Moi, myself et ma chaise

Béatrice Myself est de ces fleurs obscures qui poussent non pas en lisière des champs de céréales luxuriantes, mais aux abords des lieux désœuvrés, des terrains vagues inoccupés. Elle modèle son caractère aux dures lois de cet environnement, préférant le réconfort d’un jouet cassé, la promiscuité d’une couverture élimée à l’ensoleillement et aux engrais tonifiants.

Béatrice Myself

À ses amis du rebut, elle raconte alors des courtes histoires surréalistes, de petites utopies de textiles, des métaphores fugaces du quotidien empreintes de douceur, de candeur ou d’ironie.
Artisan avant d’être artiste, autodidacte éclairée plutôt que carriériste appliquée ; ses ouvrages émancipés des préjugés et de la pesanteur de la réalité, puisent dans les détails abstraits de son existence : rêves, images familières, morceaux choisis de l’intimité.
Elle crée, au détour de petites œuvres émouvantes, réflectives, drôles ou détraquées un univers onirique, un monde fantasmé où des oiseaux à tête anguleuse côtoient des chats cosmonautes, où des éléphants bleus tachetés cabotent et des félins complotent sur la glace en attendant la fonte.
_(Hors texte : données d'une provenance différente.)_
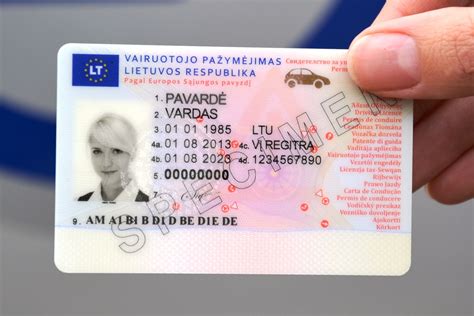 Simbolinė nuotrauka: vairuotojo pažymėjimas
De ces consommés de vie, d’imagination, elle tire, via un trait de crayon ludique et assuré, des bestiaires colorés et absurdes, de petites fables pastorales ou urbaines, à l’image de ces personnages névrosés de la capitale.
Le choix de matériaux de récup’, l’utilisation de tissus d’ameublement inusités, d’étoffes aux imprimés désuets comme décors à ses petits dessins drolatiques ainsi que l’emploi des couleurs primaires participent de l’esprit nostalgique et enfantin qui plane sur son œuvre.
Des paraboles poétiques, des fictions délicates qui s’imprègnent de la personnalité de leur auteur autant que du monde qui l’entoure. Une manière subtile et engagée d’élever nos âmes, une once au-dessus de l’asphalte de nos quotidiens un peu trop ternes.

Jadeweb : Genèse ?
Béatrice Myself :
Je dessine je crois depuis l'enfance, c'est indéfinissable, j'ai toujours dessiné en parallèle de mes autres activités, mais plus intensément depuis dix ans (déjà !), et maintenant il y a deux ans que je ne fais que ça.

Thèmes de prédilection ?
Le quotidien, les rêves, l'absurde, les animaux, en particulier les chats.

Inspiration ?
Je la trouve dans des petites phrases de la vie, des scènes que j'observe, que j'entends, soit dramatiques soit ultra comiques, en fait bien sûr je m'écoute beaucoup (je suis quand même myself !) et donc il y a beaucoup d'autobiographie dans mes dessins ! La musique aussi bien sûr puisqu'elle fait partie de la vie. Mon flux créatif est beaucoup plus abondant quand je suis fatiguée, et oui, d'autres se cament ou boivent, moi pour parvenir à être un peu fière de ce que je fais, il faut que je dorme peu. La fatigue m'aide à être plus sensible, plus "en tension". Pour le dessin c'est bien, pour l'entourage c'est moyen !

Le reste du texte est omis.